Graham: Those guys with this condition, there’s a little genius in there and you don’t know. You’ve got to find out where that genius lies like Beth-Ami said about her son.

Beth-Ami: I heard they have a special talent. I think his is just making me love him. He’s just so frikkin’ cute.

Glenn: In your set as well when you do the acoustic songs, it broke the show up and what I liked about it was it gave me something extra to get some great shots of, of you on acoustic guitar.

Graham: Well now it’s going to be electric guitar. I’ll probably chuck the acoustic. But maybe for a couple of songs but I’ll be using a solid guitar. The trouble with the acoustic is that they feed back. That’s just one of the problems with the damn thing. It’s a technical thing. You get that damn hum. You can never get it to sound like a real acoustic. Once you get that in it is kind of weird but it works okay.

I played that when Don Airey and I had a band together a few years ago. I would use the acoustic on stage and it was okay. It depends on the night again. If the sound on stage is crap, you get all that feedback and you’re screwed. I think the best way form me to go is get a solid guitar. I hope to get a Telecaster. I’d like a Telecaster because you can get a nice sort of acoustically sound from a Telecaster as well as that really hard crang sort of rock ‘n’ roll sound. So that’s what will be happening won’t it Beth-Ami.

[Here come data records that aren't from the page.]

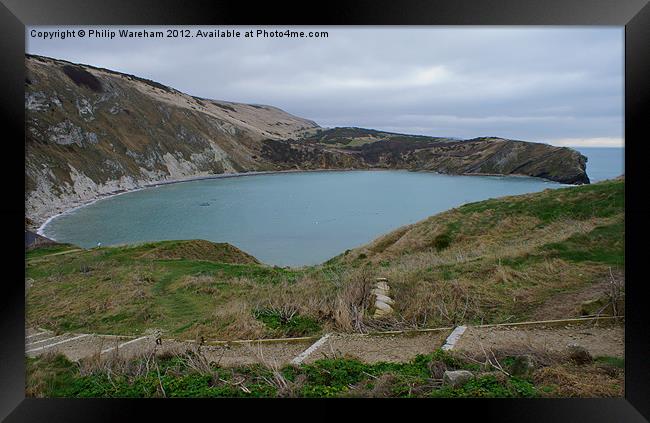 Lulworth Cove almost empty Framed Print by Phil Wareham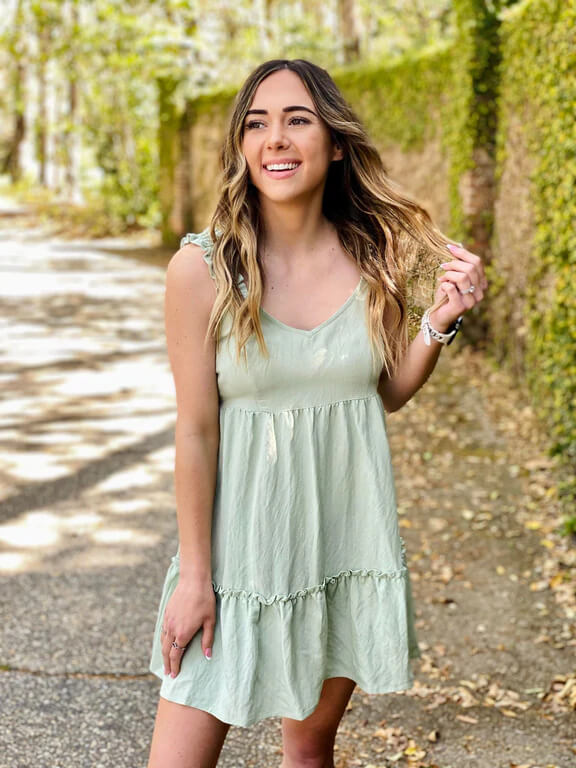 model wearing a green tiered dress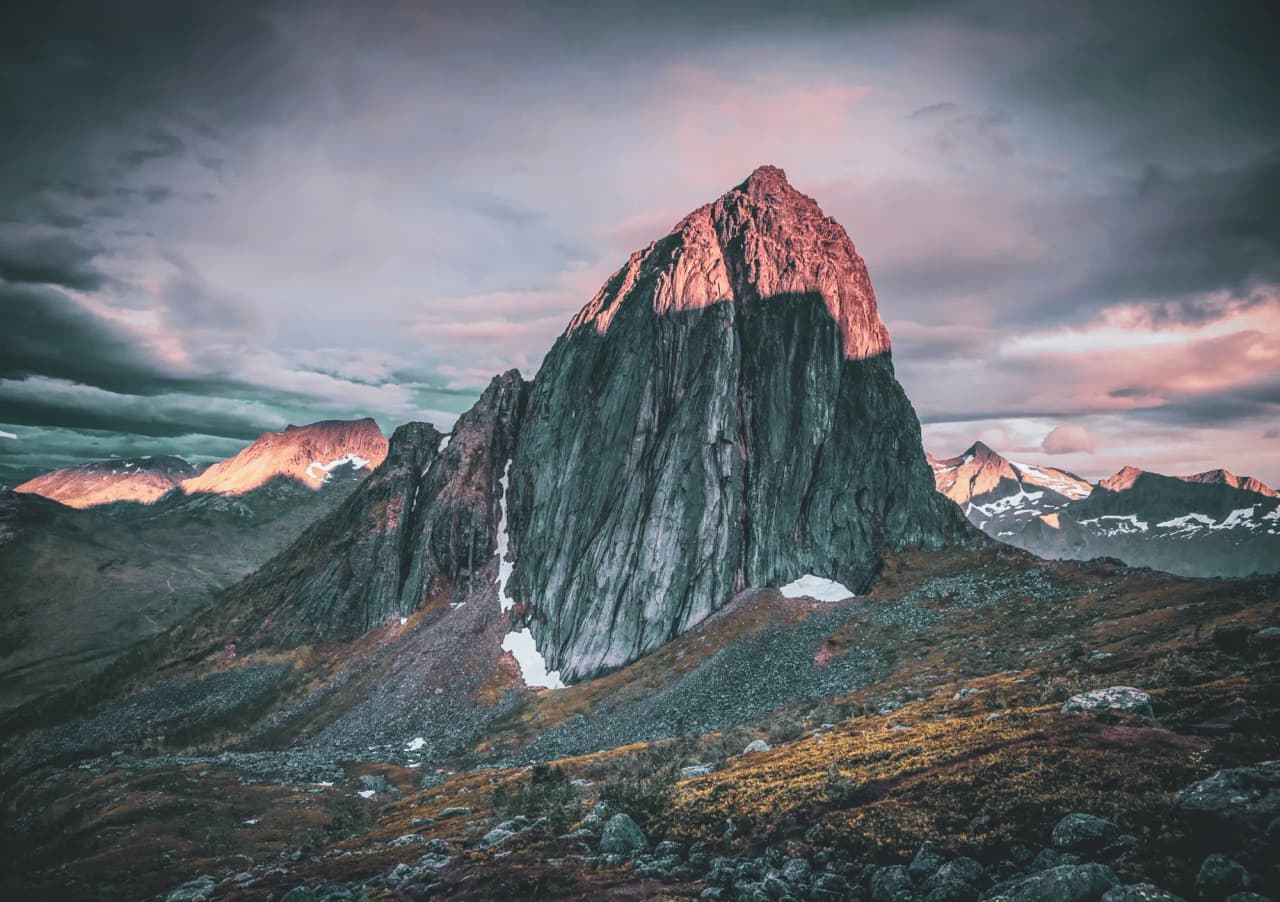 Een majestueuze berg met uitzicht op spectaculaire fjorden onder een dramatische hemel. Ontsnapping gegarandeerd.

Beth-Ami: Yes because I hear about it constantly.

Glenn: Have you got any ideas for the title of the forthcoming album when it’s ready?

Graham: I don’t know.

Beth-Ami: I’ve never even thought of that.

Glenn: And cover-wise?

Graham: I don’t know yet. We have a long way to go before we actually get around and finish an album which means eight or nine tracks. It will be a song that will stick out from the rest, so to speak – that always happens.

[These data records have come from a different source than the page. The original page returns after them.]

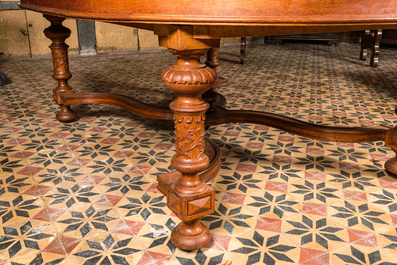 A large oval wooden table on carved baluster-shaped legs, early 20th C.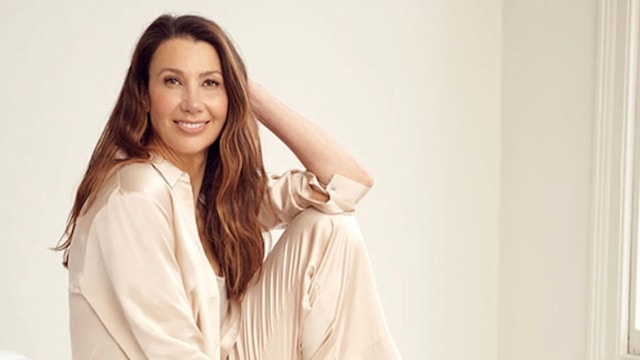 Woman with long hair in silky pyjamas 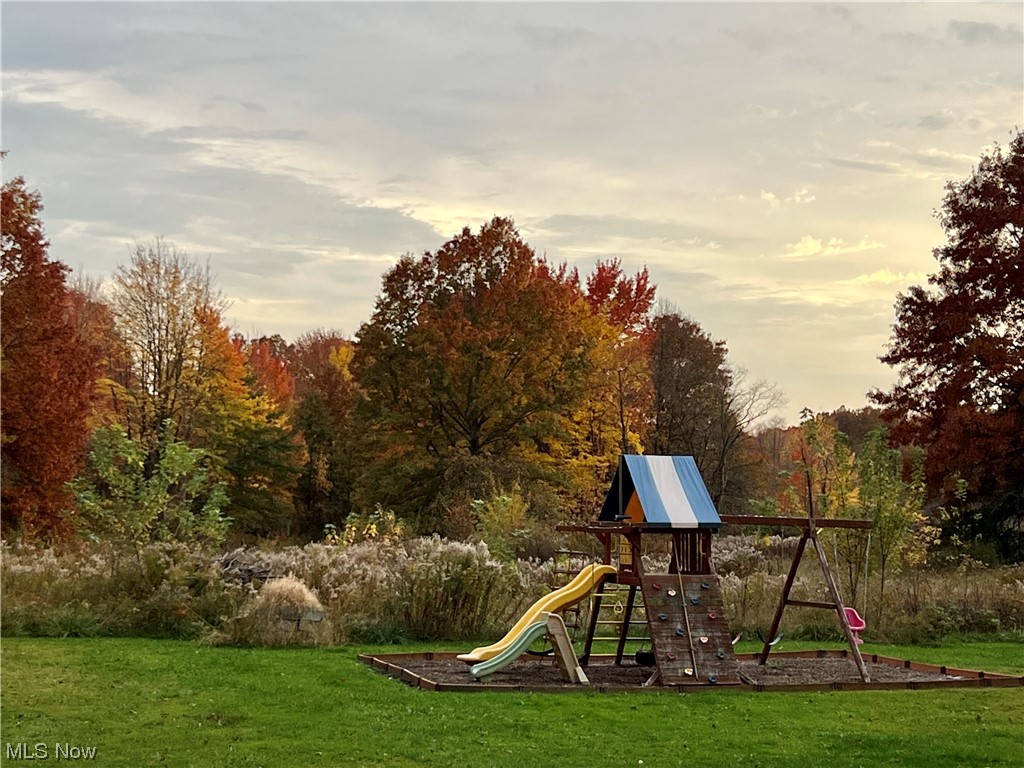 3992 Tallmadge Road Rootstown, OH 44272 - Photo 20 of 27 Playground at dusk featuring a yard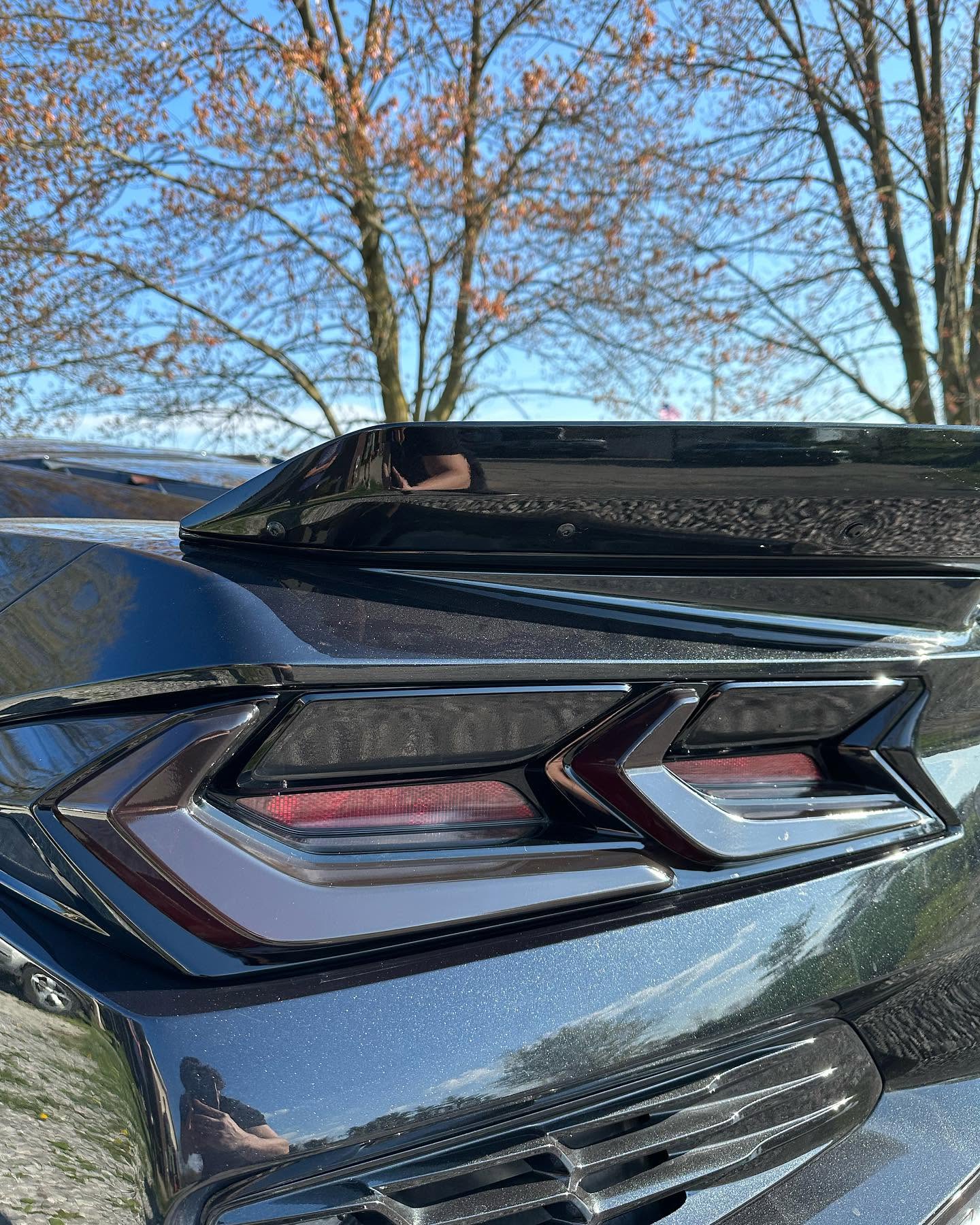 Dark gloss smoke taillight tint on 2024 Corvette Z06 near Clinton Township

At the moment I couldn’t say. Hopefully a variety of music instead of it being all one thing but there will be some hard rock on the album. There has to be because that’s my following, so we have to do that – we all have that in our history but I’d like to do something that is a bit more adventurous.

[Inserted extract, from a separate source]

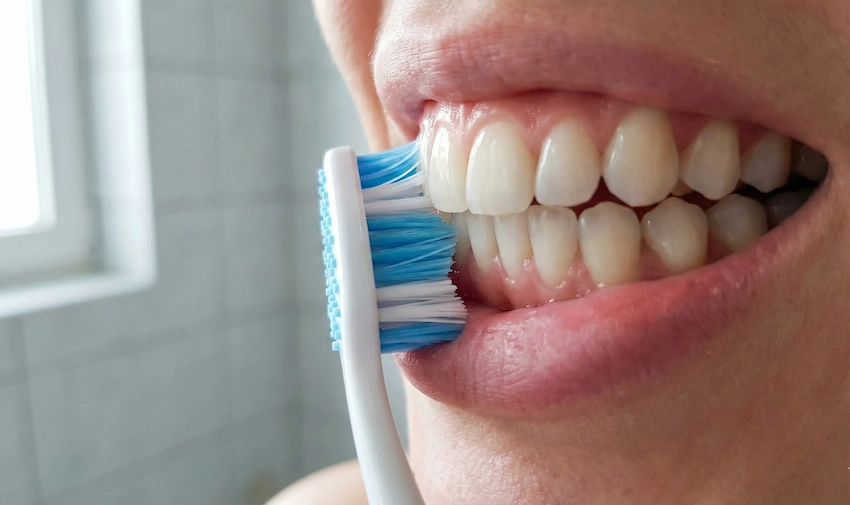 hard brushing cause gum recession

In fact, I have got a new song by Russ Ballard, it’s called ‘My Kingdom Come’. I hate the title but I love the song. It’s a long song and it’s got all different sections in it. Parts of it are like Queen and the rest is like Argent, a little bit of Rainbow and it’s 4 different sections. It’s really interesting.

I was just speaking to him about two weeks ago because I lost the files for it. He went looking in his studio for it. I hadn’t talked to him for years so it was very nice to talk to him again. Now Russ has got an album coming out.

When he sends you a demo you go, “How the hell can I improve on that?” because he makes such great demos doesn’t he?

Beth-Ami: Yeah he’s awesome. Superb.

Graham: You’ve heard his ‘Since You’ve Been Gone’ haven’t you? – the original version.

Glenn: I’ve not heard that. I’ll have to check that out.

Graham: His voice is so much different. You wouldn’t even know it was him. It’s so little and very vibrato’ish because of course when he sings now it’s more bluesy. His voice is much stronger now and it’s more convincing than it was back then. The harmonies were there when he came to the chorus. He’s perfect with harmonies. His songs are fantastic. I’ve recorded seven or eight of his songs on albums I’ve done in the past – easy.

Glenn: I thought it was great that Rainbow brought out the ‘Down To Earth’ album that had the last song on it called ‘Lost In Hollywood’ and now you’re living in Hollywood.

Graham: I know. It’s great.

Glenn: I must ask, it’s the cheesiest, daftest question but how many times have you got lost in Hollywood? (Everyone laughs)

Graham: I don’t know. I got lost on my bike. Does that count as Hollywood? I don’t know.

Beth-Ami: He doesn’t have the greatest sense of direction. He went round three times thinking, ‘Where Am I?’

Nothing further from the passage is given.